Born Lydia Kamakaeha in Honolulu, Hawaii, on September 2, 1838, Liliuokalani was the daughter of a high-ranking chieftess who served as an adviser to King Kamehameha III. Liliuokalni was educated at the missionary-run Royal School, where she learned to speak fluent English and received some musical training. She would retain her interest in music and poetry, producing more than 160 songs over the course of her life, including the beloved "Aloha 'Oe." As a princess, Liliuokalani's education also included travels to the Western world.
Liliuokalani became a member of the court of Kamehameha IV as a young lady. In 1862, she married John Owen Dominis, a government official and son of an American ship captain who had moved his family to Honolulu in 1837.
Path to the Throne
In 1874, Liliuokalani’s older brother, David Kalakaua, was named king. When her younger brother, William Pitt Leleiohoku, died three years later, Liliuokalani was announced as Kalakaua’s heir apparent. In the years that followed, Liliuokalani did much to lay the foundations for her future on the throne, devoting her efforts to establishing schools for Hawaiian children and serving as regent during the king’s 1881 tour of the world. It was in this capacity that she demonstrated what would be her lifelong devotion to the Hawaiian people and first made enemies on the islands: When a smallpox epidemic on Oahu led her to close its ports, she was hailed by many locals but also drew the ire of wealthy sugar cane growers.
In 1887, Liliuokalani accompanied Kalakaua’s queen on a trip to attend Queen Victoria’s Golden Jubilee in England. While traveling, she learned that the king had been coerced by an armed militia into signing a new constitution—later known as the "Bayonet Constitution"—which effectively stripped the monarchy of its power and placed it in the hands of white American and European businessmen.
Queen of the Kingdom of Hawaii
In January 1891, King Kalakaua died and Liliuokalani became the first woman to take the throne. She would also be the kingdom’s last ruler. After she attempted to establish a new constitution that would restore power to the monarchy and the Hawaiian people, a group known as the "Committee of Safety" staged a coup with the support of U.S. Minister John Stevens. Wishing to spare her people a bloody conflict, Liliuokalani stepped down but appealed to President Grover Cleveland to restore her to power. Despite his sympathy to her plight, the president’s efforts ultimately proved ineffective, and in 1894 annexationists established the Republic of Hawaii, with Sanford Dole named its first president.

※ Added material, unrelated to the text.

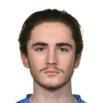 https://img.heibaitiyuy.com.cn/img/football/player/d4eb396b0b36f632bd4b6f4ae09de285.jpg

The following January, Liliuokalani and a group of her supporters were arrested by the new government and charged with treason for their implication in an attempted insurrection. After serving several months of house arrest, on January 24, 1895, she signed a document formally abdicating her throne in exchange for the release and pardon of her compatriots.
After establishing the "Oni pa'a" (Stand Firm) movement to fight the annexation and making several more unsuccessful appeals to the U.S. government, Liliuokalani relented and lived out her life as a private citizen. She was granted a small pension by the provisional government, and on July 7, 1898, the Hawaiian Islands were officially annexed by the United States.
Liliuokalani lived out her days at her Washington Place estate, where she frequently received visitors from near and abroad coming to pay her their respects. She died from complications related to a stroke on November 11, 1917, at age 79, and was honored with a state funeral. Her remains were interred in the Royal Mausoleum at Mauna 'Ala.